Maritime Shipping Announces Ambitious Plans at UN Climate Summit
Commercially viable zero emission vessels will be operating along deep sea trade routes by 2030. That is the goal of the Getting to Zero Coalition; a powerful alliance representing senior leaders within the maritime, energy, infrastructure and finance sectors, supported by decision-makers from government and IGO’s. During the UN Climate Action Summit in New York the coalition announced that they will lead the push for international shipping’s decarbonization.
International shipping carries around 80% of global trade and accounts for 2-3% of global greenhouse gas emissions annually. Emissions are projected to grow by between 50 and 250% by 2050 if no action is taken.
The ambition of the Getting to Zero Coalition is closely aligned with the UN International Maritime Organization’s Initial GHG Strategy. The strategy prescribes that international shipping must reduce its total annual greenhouse gas emissions by at least 50% of 2008 levels by 2050, whilst pursuing efforts towards phasing them out as soon as possible in this century. This will ultimately align greenhouse gas emissions from international shipping with the Paris Agreement. The Coalition is committed to making this ambitious target a reality by getting commercially viable deep sea zero emission vessels powered by zero emission fuels into operation by 2030.
The Getting to Zero Coalition is a partnership between the Global Maritime Forum, the Friends of Ocean Action, and the World Economic Forum.

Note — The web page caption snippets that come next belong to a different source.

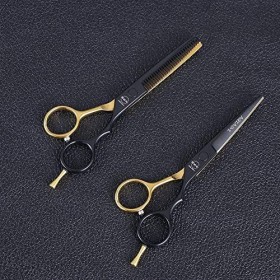 Ciseaux de barbier Salon professionnel ciseaux de coiffure en acier inoxydable ciseaux de coupe de cheveux amincissants cisea...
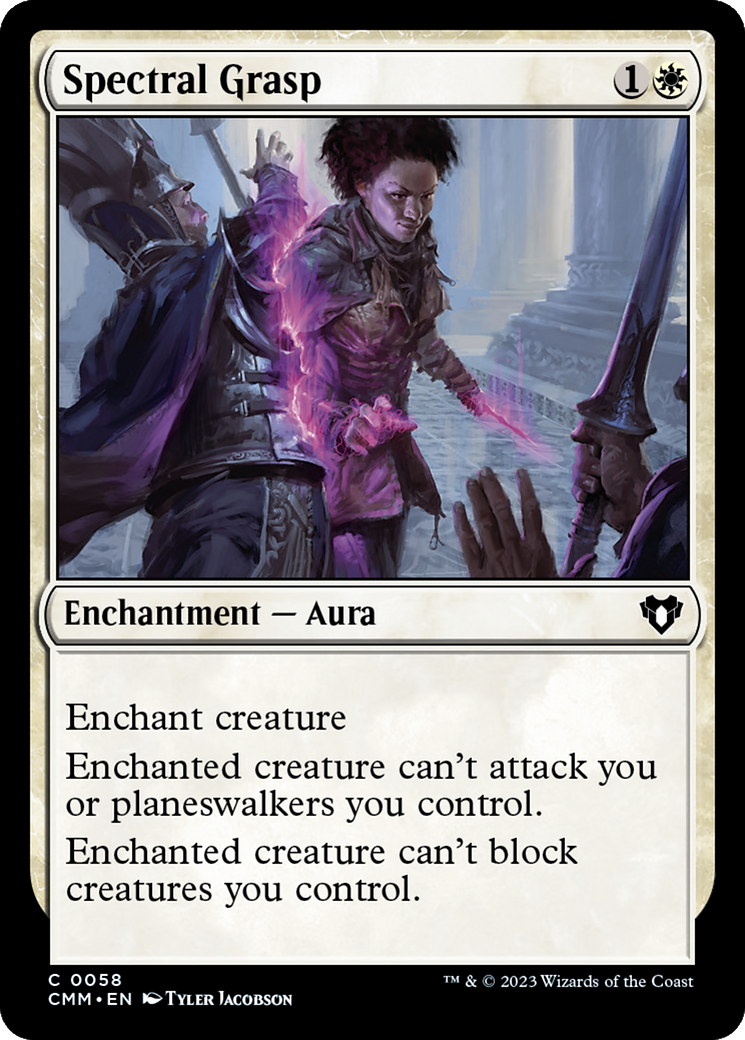 Spectral Grasp (058) Foil - Commander Masters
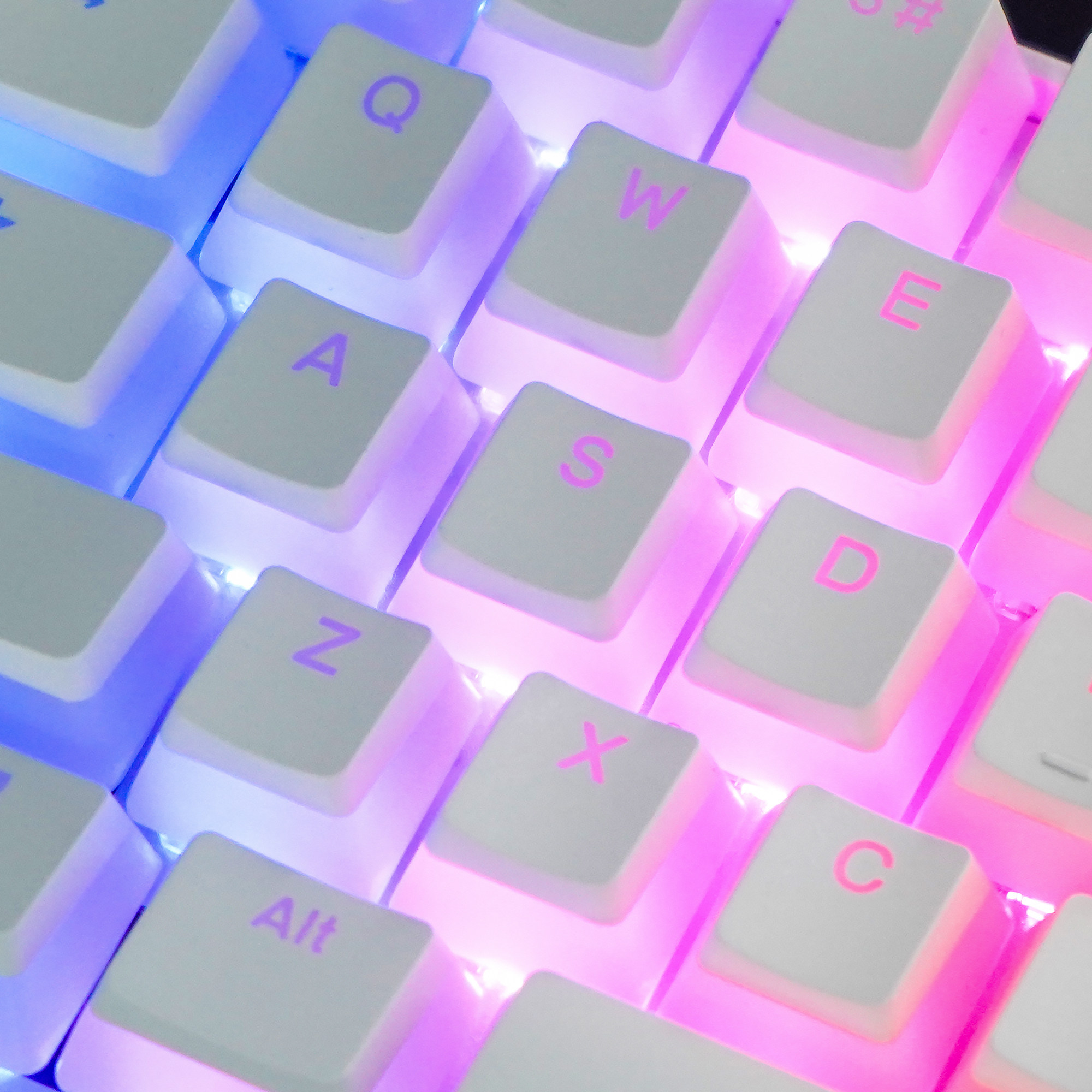 Double skin milk jelly pudding closed mouth PBT translucent mechanical keyboard keycap compatible with 68 84 96 Corsair Razer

The Coalition is supported by more than 70 public and private organizations.
“Decarbonizing maritime shipping is a huge task with no simple answer, but it has to be done,” says coalition member and CEO of Royal Dutch Shell Ben van Beurden. “We intend to be part of the long-term, zero-carbon, solution by seeking out the most feasible technologies that can work at a global scale. Starting now is essential because ships built today will stay on the water for decades.”